How Todd Blanche Climbed the Ranks in Trumpworld to Acting Attorney General

As one person familiar with both Trump and Blanche put it: “Trump says, ‘What do we do to make this go away?’ Todd says, ‘I’ll go down there.’”

Deputy Attorney General Todd Blanche speaks to reporters.

Acting Attorney General Todd Blanche formed a bond with Trump as his defense counsel and does the kind of damage control the president loves. J. Scott Applewhite/AP

Todd Blanche, who will temporarily lead the Department of Justice as the nation’s acting attorney general, has one of the few qualities that defines a survivor in the heads-will-roll world of President Donald Trump. He does the kind of damage control Trump loves.

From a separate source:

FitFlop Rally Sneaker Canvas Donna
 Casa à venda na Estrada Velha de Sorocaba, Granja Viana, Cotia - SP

He’s a frequent guest on cable news and podcasts — perhaps more than any active deputy attorney general before him — defending political DOJ investigations and the Trump administration’s slow rollout of the Epstein files, while striking a noncombative tone he uses in court.

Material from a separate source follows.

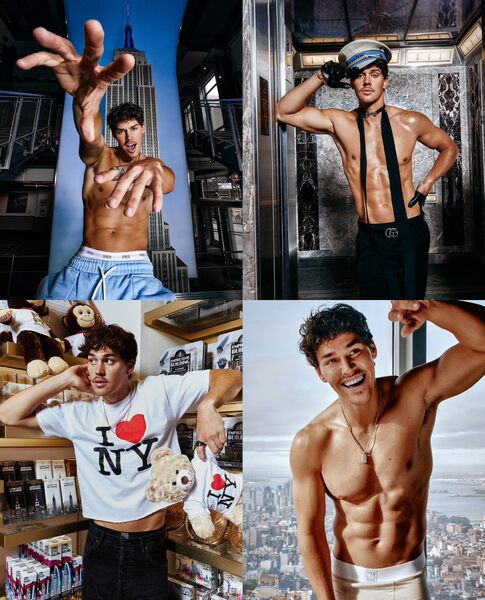 Noah Beck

Twice now, federal judges have selected replacements to serve as interim U.S. attorneys, only to have Blanche swoop in and immediately terminate them. He asserts his purported executive authority with X posts that borrow the “you’re fired” catchphrase from Trump’s reality TV heyday. “Judges don’t pick U.S. Attorneys, @POTUS does,” reads one. “Here we go again,” starts another.

And when NOTUS drew attention to the fact that White House aide-turned-prosecutor Lindsey Halligan was annoying career lawyers by having members of the U.S. Marshals Service in her government office at all times, Blanche quietly eliminated the security detail.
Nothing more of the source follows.